Because Harry has never learned how to do these spells or had them performed on him we do not know very much about how they are done or how it feels to have them done. Personally, I feel that it would be very unpleasant to have someone be able to change your memories at will, without your knowledge and consent. We guard our memories closely, because they make us who we are. I do not think it is a coincidence that it was a memory-modifying charm that backfired and resulted in the insanity of Gilderoy Lockhart. He lost his memory; he no longer knew who he was.
The fifth use of memory in a uniquely magical way is in the magical paintings and the Sorting Hat. We do not see the portraits discussing their memories of their lives very much, although they certainly must have them. But somehow, and this has not explained at all in the books, that person’s memories and “essence” must be used to create the portrait. And the portraits also definitely have the ability to make new memories. The Fat Lady learns each of the new students and can remember if people went in and out and also is able to remember which password is being used as they change throughout the year. Even Sir Cadogan, the most colorful of the portrait characters we have met so far in the series, is able to remember that he allowed Sirius Black into Gryffindor towerbecause he had all the passwords.
“Sir Cadogan, did you just let a man enter Gryffindor Tower?”
. . .
“Certainly, good lady!”
. . .
“You — you did?” said Professor McGonagall. “But—but the password!”
“He had ’em!” said Sir Cadogan proudly. “Had the whole week’s my lady! Read ’em off a little piece of paper!”
Phineas Nigellus is able to learn about and remember Sirius, his rather remote descendant (OP37), and Mrs. Black is able to remember (with rancor) how much she hated her son. With that in mind, then, the appearance of Dumbledore in his portrait in now-Headmistress McGonagall’s office at the end of Half-Blood Prince was a tantalizing hint that we may yet have a chance to hear the story of the blackened hand . . . and have Harry receive advice on finding and destroying the Horcruxes from the one who knows the most about them.

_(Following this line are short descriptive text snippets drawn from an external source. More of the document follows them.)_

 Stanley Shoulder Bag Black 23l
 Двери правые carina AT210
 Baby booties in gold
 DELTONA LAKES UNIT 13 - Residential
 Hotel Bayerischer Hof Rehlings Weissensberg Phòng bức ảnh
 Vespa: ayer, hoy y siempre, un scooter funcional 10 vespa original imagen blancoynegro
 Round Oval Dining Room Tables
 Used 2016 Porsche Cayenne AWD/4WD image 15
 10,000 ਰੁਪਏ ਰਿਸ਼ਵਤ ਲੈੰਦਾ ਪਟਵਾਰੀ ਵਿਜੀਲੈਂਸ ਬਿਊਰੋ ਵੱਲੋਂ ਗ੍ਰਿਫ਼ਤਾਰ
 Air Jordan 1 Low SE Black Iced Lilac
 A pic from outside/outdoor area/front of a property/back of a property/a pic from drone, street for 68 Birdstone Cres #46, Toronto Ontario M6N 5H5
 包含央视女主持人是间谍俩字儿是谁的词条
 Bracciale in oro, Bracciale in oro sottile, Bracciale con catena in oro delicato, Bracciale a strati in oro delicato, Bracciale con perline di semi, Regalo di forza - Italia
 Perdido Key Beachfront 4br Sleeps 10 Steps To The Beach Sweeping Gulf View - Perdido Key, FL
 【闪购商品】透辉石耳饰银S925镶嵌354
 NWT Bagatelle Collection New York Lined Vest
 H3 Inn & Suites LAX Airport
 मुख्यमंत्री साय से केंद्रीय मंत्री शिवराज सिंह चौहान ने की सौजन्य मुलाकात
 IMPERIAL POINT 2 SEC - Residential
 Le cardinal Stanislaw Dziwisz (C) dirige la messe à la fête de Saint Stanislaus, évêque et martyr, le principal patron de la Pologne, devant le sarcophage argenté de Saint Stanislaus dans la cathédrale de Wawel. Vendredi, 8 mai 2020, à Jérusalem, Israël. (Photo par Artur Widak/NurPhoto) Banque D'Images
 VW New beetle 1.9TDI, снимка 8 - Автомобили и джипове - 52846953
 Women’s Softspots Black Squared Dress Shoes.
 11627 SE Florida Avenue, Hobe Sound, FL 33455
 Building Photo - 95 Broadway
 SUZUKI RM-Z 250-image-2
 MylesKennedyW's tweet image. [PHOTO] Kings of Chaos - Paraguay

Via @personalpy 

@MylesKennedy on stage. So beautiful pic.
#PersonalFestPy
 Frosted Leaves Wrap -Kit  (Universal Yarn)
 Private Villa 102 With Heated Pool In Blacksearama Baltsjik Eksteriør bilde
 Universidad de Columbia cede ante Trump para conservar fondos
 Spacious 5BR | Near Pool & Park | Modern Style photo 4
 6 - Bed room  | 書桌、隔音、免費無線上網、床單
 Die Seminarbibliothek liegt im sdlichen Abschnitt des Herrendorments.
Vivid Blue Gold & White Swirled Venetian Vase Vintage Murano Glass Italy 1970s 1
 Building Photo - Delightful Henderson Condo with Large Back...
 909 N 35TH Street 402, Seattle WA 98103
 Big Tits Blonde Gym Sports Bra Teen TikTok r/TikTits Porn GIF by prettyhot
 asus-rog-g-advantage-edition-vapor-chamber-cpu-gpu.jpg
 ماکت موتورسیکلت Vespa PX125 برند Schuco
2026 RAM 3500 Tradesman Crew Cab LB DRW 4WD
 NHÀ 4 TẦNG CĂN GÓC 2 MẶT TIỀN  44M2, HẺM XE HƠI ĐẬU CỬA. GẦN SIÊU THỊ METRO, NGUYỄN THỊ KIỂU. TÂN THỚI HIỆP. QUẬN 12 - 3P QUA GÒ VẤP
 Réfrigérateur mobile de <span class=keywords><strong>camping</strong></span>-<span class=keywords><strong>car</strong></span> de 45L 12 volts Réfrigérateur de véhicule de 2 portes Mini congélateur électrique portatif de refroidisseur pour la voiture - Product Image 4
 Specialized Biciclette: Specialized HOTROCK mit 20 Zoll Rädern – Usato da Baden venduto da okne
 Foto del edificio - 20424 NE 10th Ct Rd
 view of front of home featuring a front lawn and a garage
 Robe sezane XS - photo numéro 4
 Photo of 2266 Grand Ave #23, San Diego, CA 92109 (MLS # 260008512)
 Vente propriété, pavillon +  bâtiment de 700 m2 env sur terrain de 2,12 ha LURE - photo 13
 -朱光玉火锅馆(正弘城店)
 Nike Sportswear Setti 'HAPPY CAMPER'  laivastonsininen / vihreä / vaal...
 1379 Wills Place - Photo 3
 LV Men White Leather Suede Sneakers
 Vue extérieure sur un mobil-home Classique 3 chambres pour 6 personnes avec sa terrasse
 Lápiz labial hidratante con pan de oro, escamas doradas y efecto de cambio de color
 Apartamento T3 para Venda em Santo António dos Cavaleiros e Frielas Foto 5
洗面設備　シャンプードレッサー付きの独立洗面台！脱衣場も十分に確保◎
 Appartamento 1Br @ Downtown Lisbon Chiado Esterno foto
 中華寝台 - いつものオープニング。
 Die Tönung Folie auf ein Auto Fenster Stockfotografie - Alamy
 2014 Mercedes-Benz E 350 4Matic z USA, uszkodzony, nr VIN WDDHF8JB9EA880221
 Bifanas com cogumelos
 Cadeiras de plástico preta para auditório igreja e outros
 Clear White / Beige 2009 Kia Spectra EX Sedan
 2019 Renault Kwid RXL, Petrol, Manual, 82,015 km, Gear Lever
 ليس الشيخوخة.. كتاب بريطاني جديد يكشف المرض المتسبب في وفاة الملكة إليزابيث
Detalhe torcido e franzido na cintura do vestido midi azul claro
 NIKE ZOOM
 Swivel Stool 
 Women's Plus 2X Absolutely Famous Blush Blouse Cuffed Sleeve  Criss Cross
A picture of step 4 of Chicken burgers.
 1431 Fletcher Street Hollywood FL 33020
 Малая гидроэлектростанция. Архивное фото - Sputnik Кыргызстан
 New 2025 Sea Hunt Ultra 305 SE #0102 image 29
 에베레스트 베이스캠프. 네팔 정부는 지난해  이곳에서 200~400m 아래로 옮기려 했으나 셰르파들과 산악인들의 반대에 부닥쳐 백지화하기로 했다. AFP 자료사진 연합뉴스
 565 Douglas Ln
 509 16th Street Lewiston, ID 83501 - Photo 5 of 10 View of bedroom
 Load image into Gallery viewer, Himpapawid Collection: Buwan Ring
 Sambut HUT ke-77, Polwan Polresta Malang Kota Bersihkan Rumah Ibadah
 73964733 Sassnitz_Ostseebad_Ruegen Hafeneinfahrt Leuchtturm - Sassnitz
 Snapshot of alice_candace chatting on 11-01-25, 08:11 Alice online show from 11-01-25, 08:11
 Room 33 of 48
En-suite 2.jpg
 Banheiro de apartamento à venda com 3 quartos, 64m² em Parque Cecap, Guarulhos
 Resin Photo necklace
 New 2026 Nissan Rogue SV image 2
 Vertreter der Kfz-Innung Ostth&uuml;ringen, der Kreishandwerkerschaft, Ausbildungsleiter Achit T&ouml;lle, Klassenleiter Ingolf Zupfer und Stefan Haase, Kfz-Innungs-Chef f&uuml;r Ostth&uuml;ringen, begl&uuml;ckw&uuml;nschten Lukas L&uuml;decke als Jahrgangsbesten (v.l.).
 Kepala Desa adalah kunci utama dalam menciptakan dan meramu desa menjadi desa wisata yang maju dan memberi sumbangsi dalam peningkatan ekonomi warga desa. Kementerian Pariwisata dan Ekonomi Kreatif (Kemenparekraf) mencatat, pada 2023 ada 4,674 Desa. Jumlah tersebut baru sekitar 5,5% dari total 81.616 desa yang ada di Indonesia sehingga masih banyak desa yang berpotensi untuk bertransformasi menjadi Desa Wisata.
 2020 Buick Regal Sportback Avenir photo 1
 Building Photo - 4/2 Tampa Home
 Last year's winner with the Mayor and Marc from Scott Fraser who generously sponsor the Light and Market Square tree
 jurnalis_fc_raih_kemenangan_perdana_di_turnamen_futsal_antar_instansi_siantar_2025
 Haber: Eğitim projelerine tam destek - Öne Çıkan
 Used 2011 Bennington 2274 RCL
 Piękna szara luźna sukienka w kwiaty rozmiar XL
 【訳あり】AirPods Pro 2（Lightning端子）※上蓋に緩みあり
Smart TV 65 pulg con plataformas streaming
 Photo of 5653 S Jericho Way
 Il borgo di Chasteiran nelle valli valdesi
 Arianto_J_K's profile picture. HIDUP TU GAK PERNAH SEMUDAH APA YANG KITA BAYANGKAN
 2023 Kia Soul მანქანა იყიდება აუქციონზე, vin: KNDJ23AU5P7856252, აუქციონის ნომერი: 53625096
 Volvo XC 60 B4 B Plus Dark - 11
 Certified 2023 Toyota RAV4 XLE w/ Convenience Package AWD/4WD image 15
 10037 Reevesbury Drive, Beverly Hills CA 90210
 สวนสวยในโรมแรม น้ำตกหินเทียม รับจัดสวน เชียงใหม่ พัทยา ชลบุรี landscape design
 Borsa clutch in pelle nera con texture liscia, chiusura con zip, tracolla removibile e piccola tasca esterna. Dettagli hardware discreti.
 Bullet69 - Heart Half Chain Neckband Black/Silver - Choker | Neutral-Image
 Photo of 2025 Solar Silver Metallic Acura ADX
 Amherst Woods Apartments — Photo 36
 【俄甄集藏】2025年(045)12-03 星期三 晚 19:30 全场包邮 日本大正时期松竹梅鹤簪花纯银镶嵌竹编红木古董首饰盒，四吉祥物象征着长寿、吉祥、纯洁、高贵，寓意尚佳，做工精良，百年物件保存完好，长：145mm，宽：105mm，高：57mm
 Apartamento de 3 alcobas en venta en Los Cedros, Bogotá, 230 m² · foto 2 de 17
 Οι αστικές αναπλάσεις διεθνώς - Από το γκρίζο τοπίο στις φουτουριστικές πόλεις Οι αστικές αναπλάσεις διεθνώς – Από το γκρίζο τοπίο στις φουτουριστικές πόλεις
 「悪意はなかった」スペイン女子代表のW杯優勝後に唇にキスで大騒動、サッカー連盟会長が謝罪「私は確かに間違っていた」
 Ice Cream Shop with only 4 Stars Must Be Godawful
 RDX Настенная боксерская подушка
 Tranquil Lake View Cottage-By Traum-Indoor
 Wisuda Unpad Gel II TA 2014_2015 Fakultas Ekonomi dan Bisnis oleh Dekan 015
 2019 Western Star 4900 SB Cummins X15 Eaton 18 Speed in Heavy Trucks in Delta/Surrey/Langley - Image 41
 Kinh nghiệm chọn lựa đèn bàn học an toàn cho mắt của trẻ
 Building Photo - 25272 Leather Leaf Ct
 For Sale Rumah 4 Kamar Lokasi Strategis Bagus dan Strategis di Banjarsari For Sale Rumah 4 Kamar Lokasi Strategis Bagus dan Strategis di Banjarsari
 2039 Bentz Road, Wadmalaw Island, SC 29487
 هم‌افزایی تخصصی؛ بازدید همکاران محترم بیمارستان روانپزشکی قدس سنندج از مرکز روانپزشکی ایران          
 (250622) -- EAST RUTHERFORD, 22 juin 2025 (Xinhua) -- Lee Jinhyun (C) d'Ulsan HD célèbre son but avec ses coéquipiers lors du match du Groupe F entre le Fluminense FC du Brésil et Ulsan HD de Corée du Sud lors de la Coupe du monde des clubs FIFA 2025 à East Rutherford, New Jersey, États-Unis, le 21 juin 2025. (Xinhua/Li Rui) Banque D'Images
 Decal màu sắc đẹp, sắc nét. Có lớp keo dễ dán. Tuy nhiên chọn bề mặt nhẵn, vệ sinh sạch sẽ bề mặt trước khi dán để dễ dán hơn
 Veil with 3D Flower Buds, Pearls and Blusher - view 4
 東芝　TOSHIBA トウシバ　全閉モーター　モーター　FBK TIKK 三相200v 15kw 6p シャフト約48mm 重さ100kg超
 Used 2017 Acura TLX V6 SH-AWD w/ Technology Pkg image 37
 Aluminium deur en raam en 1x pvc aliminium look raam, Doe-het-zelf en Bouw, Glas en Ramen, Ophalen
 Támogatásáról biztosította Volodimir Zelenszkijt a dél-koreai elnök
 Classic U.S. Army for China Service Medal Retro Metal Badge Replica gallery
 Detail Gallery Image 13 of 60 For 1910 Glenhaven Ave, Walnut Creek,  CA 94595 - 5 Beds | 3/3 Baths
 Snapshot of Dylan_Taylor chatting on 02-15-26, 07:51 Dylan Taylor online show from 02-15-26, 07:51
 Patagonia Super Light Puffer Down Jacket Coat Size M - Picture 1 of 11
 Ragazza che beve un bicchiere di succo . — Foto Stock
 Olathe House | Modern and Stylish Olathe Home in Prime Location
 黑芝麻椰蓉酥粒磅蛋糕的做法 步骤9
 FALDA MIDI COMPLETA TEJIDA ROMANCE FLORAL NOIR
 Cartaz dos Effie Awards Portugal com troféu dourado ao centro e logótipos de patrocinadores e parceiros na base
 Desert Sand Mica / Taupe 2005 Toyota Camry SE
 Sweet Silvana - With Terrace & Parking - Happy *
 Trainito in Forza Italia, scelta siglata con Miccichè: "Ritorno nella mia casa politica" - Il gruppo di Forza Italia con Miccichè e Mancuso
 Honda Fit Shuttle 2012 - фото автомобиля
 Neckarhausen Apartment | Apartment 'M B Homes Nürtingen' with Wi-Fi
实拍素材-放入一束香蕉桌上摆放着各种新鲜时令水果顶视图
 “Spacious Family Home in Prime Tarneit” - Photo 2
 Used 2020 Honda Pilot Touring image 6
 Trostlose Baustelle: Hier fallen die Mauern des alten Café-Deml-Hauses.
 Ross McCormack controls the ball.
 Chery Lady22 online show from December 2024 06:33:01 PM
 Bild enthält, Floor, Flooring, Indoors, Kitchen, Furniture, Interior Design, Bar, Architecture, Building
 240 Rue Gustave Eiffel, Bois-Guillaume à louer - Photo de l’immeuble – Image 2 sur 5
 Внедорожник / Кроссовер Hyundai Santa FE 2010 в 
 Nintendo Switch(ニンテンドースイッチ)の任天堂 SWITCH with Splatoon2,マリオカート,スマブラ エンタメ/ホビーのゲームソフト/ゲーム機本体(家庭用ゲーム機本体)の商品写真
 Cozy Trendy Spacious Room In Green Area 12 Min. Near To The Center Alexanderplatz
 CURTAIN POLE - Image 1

The Sorting Hat also seems to have a very good memory. It is able to compose original music and recite it as well as remember the history of the school. It also seems to be able to remember each sorting, as well as other family members which have been sorted in the past. Harry double-checks with the Sorting Hat to make sure that he actually got put into the right house and the hat is able to remember its thought process during the sorting (CS18). These inanimate objects with memories are certainly a fun addition to Rowling’s magical world.
The sixth and final way Rowling has used memory in the books is in a very tangible way. The threat in Chamber of Secrets turns out to be nothing more than a memory: a very nasty memory who actually comes to life and attempts to kill an innocent little girl in order to stop being a memory and become an actual person. Tom Riddle is a mere shadow, a record of the memories of a very sick and twisted 16-year-old boy.
“Are you a ghost?” Harry said uncertainly.
“A memory,” said Riddle quietly. “Preserved in a diary for 50 years.”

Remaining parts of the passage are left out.